Inclusion Criteria:

   1. Aged ≤ 21 years.

   2. Acute myeloid leukemia (AML) OR acute leukemia of ambiguous lineage (acute
   undifferentiated leukemia or mixed phenotype acute leukemia), specified as either
   refractory (persistent leukemia after at least 2 courses of induction chemotherapy) or
   relapsed, and further defined as any one of the criteria below:

      1. Bone marrow specimen ≥ 5% leukemic blasts by flow, as assessed by Hematologics
      Inc.

      2. A single bone marrow specimen with at least 2 tests demonstrates ≥ 1% leukemic
      blasts by flow cytometry (as assessed by Hematologics Inc), AND at least one of
      the following:

         - Karyotypic abnormality with at least 1 metaphase similar or identical to
         diagnosis

         - FISH abnormality identical to one present at diagnosis

         - PCR or NGS-based demonstration of leukemogenic lesion identical to diagnosis

      3. Rising MRD > 0.1% by flow cytometry on ≥ 2 serial samples, as assessed by
      Hematologics Inc.

      4. If an adequate bone marrow sample is not obtained, subjects may be enrolled if
      there is unequivocal evidence of leukemia based on ≥ 5% blasts in the peripheral
      blood

   3. > 60 days has passed since hematopoietic stem cell transplant.

   4. Patients who have undergone previous allogeneic stem cell transplantation who are
   otherwise eligible must also be without evidence of any active graft versus host
   disease (GVHD), and off calcineurin inhibitors for at least 28 days (four weeks) prior
   to therapy.
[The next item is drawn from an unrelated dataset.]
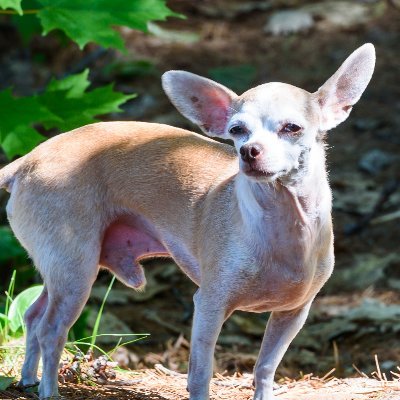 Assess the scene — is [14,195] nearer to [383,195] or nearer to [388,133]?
[383,195]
A physiologic dose of prednisone up to 3 mg/m2 (and a maximum of 7.5 mg)
   or equivalent other steroid dose is allowable.

   5. A minimum of 14 days has passed since completion of myelosuppressive therapy or
   gemtuzumab ozogamicin and all nonhematologic toxicities have resolved to Grade 0 or 1.
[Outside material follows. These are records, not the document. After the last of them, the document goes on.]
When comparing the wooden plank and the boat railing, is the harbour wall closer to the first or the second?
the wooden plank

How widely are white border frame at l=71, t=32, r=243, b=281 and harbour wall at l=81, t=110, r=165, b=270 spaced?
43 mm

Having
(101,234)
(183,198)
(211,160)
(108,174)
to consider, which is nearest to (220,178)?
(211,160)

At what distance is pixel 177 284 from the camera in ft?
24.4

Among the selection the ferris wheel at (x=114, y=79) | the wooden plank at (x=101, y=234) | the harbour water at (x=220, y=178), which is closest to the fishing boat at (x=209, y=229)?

   6. A minimum of 24 hours has elapsed since the patient has completed any low-dose or
   non-myelosuppressive therapy (e.g., hydroxyurea or low-dose cytarabine (up to 100
   mg/m2).

   7. Lansky (subjects ≤ 16 years old) or Karnofsky (subjects > 16 years old) score ≥ 50.

   8. WBC ≤ 50,000/uL. This may be achieved using cytoreductive therapy such as hydroxyurea
   or low-dose cytarabine (up to 100 mg/m2/dose)

   9. Total bilirubin ≤ 2.0 x institutional upper limit of normal (ULN) for age.

10. AST/ALT ≤ 5 x ULN for age

11. Left ventricular ejection fraction ≥ 40% or ECHO shortening fraction ≥ 25%.

12. Estimated serum creatinine ≥ 60 mL/min/1.73m2

Exclusion Criteria:

   1. Patients receiving or planning to receive ANY concurrent cancer therapy, including
   chemotherapy, radiation therapy, immunotherapy or biologic therapy.

   2. Patients with down syndrome.

   3. Patients with Acute Promyelocytic leukemia (APL) or Juvenile Myelomonocytic Leukemia
   (JMML).

   4. Patients with Bone Marrow Failure Syndrome.

   5. Pregnant subjects or those unwilling to use an effective method of birth control.

   6. Female subjects with infants who do NOT agree to abstain from breastfeeding.

   7. Inability or unwillingness of legal guardian/representative to give written informed
   consent.

   8. Patients with uncontrolled systemic fungal, bacterial, viral or other infection.